She was always ambitious, and supported by Henry’s unfailing devotion she went on working even after she became bedridden. She amazed all her friends by her determination, courage and unquenchable gaiety. She knew her illness was mortal yet declared that this was the happiest time of her life. It was certainly the most fruitful since her student days.

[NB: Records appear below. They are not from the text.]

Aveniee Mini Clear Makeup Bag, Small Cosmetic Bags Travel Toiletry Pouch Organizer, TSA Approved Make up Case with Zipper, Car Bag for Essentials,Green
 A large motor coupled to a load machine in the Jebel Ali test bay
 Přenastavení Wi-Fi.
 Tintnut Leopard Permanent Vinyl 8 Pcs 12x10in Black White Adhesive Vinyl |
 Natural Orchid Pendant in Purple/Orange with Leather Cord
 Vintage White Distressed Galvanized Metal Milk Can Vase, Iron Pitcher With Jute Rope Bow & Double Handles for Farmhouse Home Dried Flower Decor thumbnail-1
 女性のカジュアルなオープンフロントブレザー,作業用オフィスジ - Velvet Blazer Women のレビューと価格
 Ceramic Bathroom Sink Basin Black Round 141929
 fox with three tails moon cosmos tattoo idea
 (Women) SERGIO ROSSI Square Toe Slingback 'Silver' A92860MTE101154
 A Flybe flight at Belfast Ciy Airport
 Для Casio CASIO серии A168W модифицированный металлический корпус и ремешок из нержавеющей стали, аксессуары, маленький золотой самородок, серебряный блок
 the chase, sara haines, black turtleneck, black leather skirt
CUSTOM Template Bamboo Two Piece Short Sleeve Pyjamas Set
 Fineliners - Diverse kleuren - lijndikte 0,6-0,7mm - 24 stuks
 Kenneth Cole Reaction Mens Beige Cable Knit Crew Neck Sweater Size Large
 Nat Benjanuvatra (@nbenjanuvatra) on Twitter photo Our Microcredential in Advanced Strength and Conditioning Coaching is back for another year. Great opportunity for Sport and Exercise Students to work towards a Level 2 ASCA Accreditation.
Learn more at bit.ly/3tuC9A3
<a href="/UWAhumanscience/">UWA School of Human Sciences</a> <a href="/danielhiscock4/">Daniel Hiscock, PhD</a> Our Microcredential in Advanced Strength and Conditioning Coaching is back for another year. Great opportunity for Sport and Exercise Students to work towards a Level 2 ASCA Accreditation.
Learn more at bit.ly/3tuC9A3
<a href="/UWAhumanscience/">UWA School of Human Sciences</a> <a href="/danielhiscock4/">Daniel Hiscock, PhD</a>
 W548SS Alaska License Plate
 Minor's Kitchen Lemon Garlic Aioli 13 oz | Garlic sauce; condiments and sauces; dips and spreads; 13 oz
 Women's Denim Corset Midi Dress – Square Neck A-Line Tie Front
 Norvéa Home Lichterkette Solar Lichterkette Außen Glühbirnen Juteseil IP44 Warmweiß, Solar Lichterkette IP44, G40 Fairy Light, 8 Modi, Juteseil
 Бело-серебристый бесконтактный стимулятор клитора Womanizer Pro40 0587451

Tirzah’s small oils, painted very smoothly and with a fine brush, have as little in common with the work of her contemporaries as her wood engravings and marbled papers. In a few of her pictures, Boats on Cromer Beach, Canna in the Hebrides, Whither will you Wander (a delightfully particularised study of geese in an Essex field), the portrait of Peggy Angus in her sitting room at Adelaide Road the subject is rendered with the utmost fidelity to nature. The clear colour, the precision of the miniature like execution and the artist’s sharp eye for telling detail inform these little paintings with an enhanced sense of reality. The brilliant technique, smooth texture and jewel like colour of Tirzah’s work play a specially significant part in the pictures of toys among flowers or set against a distant landscape.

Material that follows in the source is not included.